Znajoma prowadząca na Mazurach gospodarstwo agroturystyczne opowiedziała mi co spotkało jej syna, ucznia 8 klasy szkoły podstawowej. Znajomi to klasyczni inteligenci, obydwoje po wyższych studiach, poza działalnością w branży turystycznej uprawiający tak zwane wolne zawody. Obydwoje są- jak ja to nazywam- z epoki Gutenberga, w ich domu są całe ściany książek, wszyscy domownicy czytają, telewizor służy tylko jako monitor poza tym przydatny jest raczej dla gości. Młody też jest wytrawnym i wyrafinowanym czytelnikiem, jego listy lektur nie powstydziłby się student. Lektury szkolne przeczytał dawno, w młodszych klasach, więc nic dziwnego, że zbiory szkolnej biblioteki zupełnie go nie interesują.

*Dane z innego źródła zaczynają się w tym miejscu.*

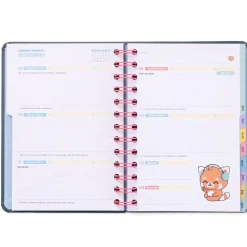 Mr Wonderfull Agendas E Planners|Agendas E Planners > Agenda Wonder 25-26 Semanal Pequena - Boas Vibrações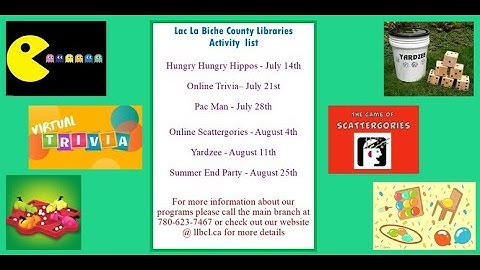 2021 TD Summer Reading Club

Pewnego jesiennego dnia pani bibliotekarka zaliczyła go publicznie do osób niegramotnych i trzymając go na baczność przed całą szkołą beształa za nie korzystanie ze szkolnej biblioteki. Młody tłumaczył się nieśmiało, że ma dużo książek w domu i wszystkie lektury szkolne ma dawno przeczytane. „ A kto ci każe to czytać, masz tylko wypożyczać i kropka” – wykrzyknęła rozwścieczona bibliotekarka. Interwencja matki chłopca u wychowawczyni też nic nie dała. „ Przecież nikt im nie każe czytać tego co wypożyczyli, po co stwarzać niepotrzebne problemy i utrudniać pracę szkoły”- powiedziała wychowawczyni. Sądziłam w naiwności swojej, że bibliotekarka działa pod presją jakiś idiotycznych przepisów rozliczających ją z liczby wypożyczonych miesięcznie czy rocznie książek, którą utożsamia się z poziomem czytelnictwa wśród młodzieży. Okazało się, że nie, nikt nie narzuca szkole żadnych wskaźników czytelnictwa i jest to własny, całkowicie oryginalny pomysł bibliotekarki wspieranej przez dyrekcję szkoły. Następnym wychowawczym posunięciem szkoły wobec krnąbrnego ucznia było doprowadzenie go do biblioteki i zmuszenie żeby wypożyczył pierwszą lepszą książkę. Zrobił to i zostawił książkę na oknie. „Nie będę znosił do domu śmieci”- powiedział hardo. Czeka go zapewne nagana za nazwanie lektury szkolnej śmieciem ale zaimponowała mi jego odwaga cywilna.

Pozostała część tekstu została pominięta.